2. If the insurance company is a captive foreign corporation, determine whether it is operated like the organization described in Malone & Hyde Inc. v. Commissioner, 62 F.3d 835 (6th Cir. 1995). The Sixth Circuit concluded since there was no shifting and distribution of the risk of loss to unrelated parties, there was no insurance, and the offshore insurance subsidiary was a sham corporation propped up by its parent.
Note: Per Rev. Rul. 2001-31, the Service may, however, continue to challenge certain captive insurance transactions based on the facts and circumstances of each case. See, e.g., Malone & Hyde Inc., which concluded that brother-sister transactions were not insurance, because the taxpayer guaranteed the captive's performance, the captive was thinly capitalized and loosely regulated; and Clougherty Packing Co. v. Commissioner, 811 F.2d 1297 (9th Cir. 1987), which concluded that a transaction between parent and subsidiary was not insurance.

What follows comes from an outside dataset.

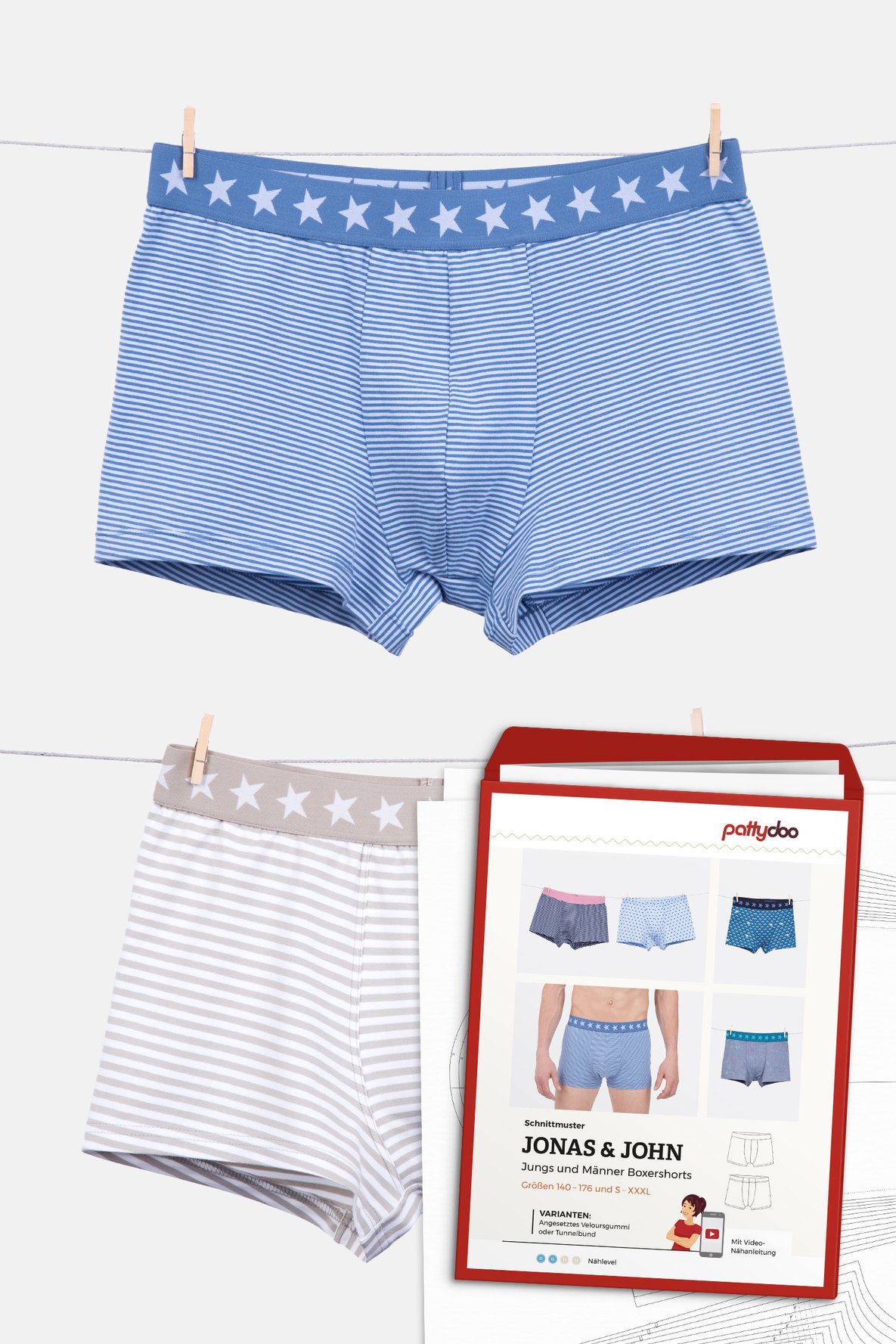 PATTYDOO Jonas & John Boxershorts Herren Papierschnittmuster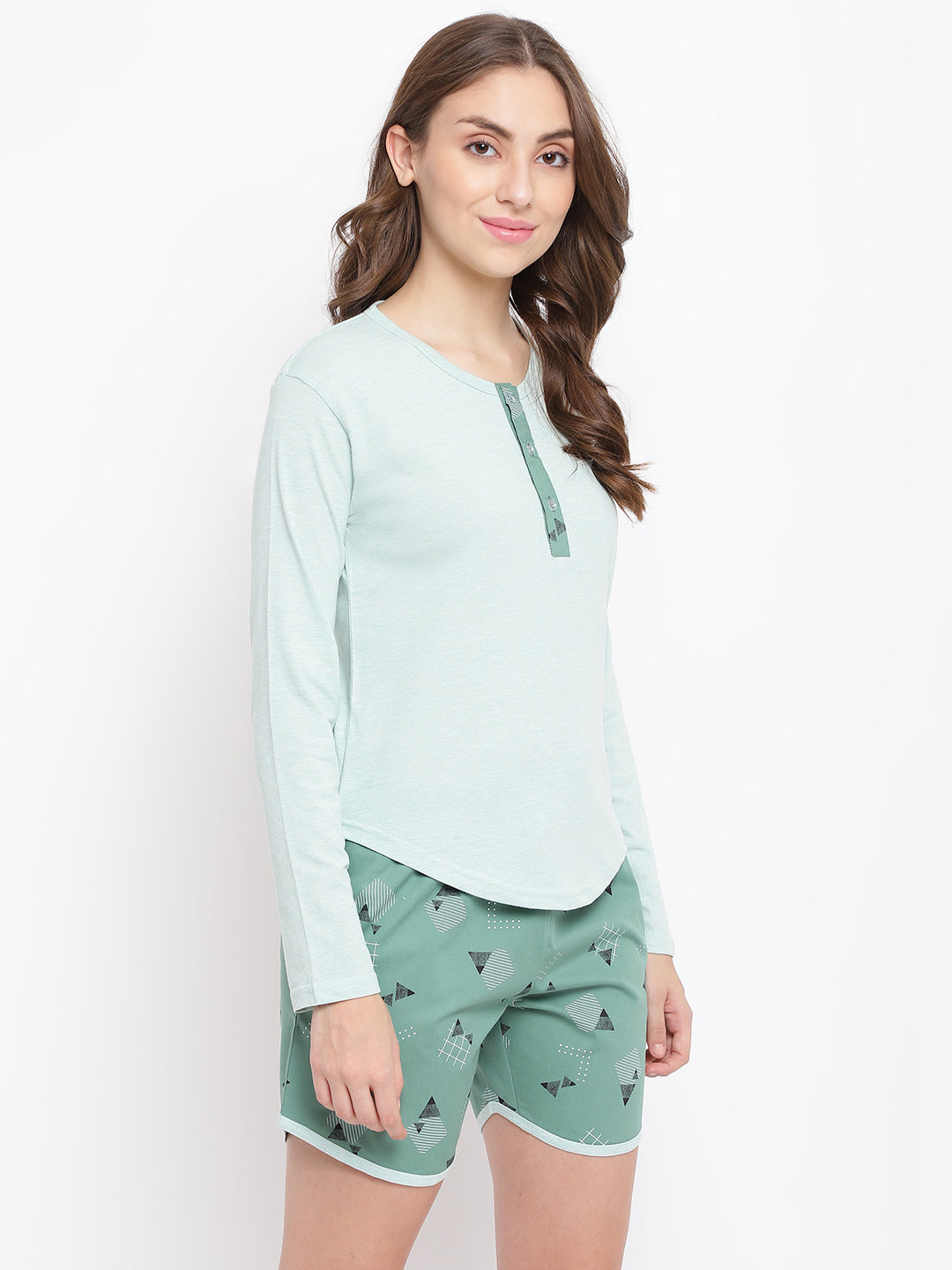 100% Cotton Full Sleeves T-Shirt Shorts Nightsuit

Insurance Companies in Liquidation
1. Insurance companies in liquidation that no longer receive premiums and their main source of income is investment income may qualify for exemption under IRC 501(c)(15) if they meet the transitional rule for companies in receivership or liquidation.
2. For insurance companies in liquidation, the examiner should:
A. Review the court documents to determine the date on which the insurance company could no longer write insurance;
B. Determine whether the insurance company received gross receipts in excess of $600,000 before the date on which it could no longer wrote insurance. If so, the insurance company does not qualify under IRC 501(c)(15) for such tax year;
C. Determine whether the insurance company has outstanding policies on which it is liable. If not, the insurance company does not qualify under IRC 501(c)(15);
D. Determine whether the insurance company's assets exceed the needs of the business. If so, the examiner would then determine if the company is primarily in the insurance business; and
E. Determine whether the insurance company has received reinsurance or premiums during a tax year. If so, the insurance company would not qualify under IRC 501(c)(15) if 50 percent or less of its gross receipts consisted of premiums.
Transitional Rule for Companies in Receivership or Liquidation
1. The Act provides a transition rule for insurance companies in receivership or liquidation. In the case of a company or association that, for the taxable year that includes April 1, 2004, meets the requirements of IRC 501(c)(15)(a), as in effect for the last taxable year beginning before January 1, 2004, and that is in a receivership, liquidation, or similar proceeding under the supervision of a State court on April 1, 2004, the amendments made by the Act apply to taxable years beginning after the earlier of the date such proceeding ends or December 31, 2007.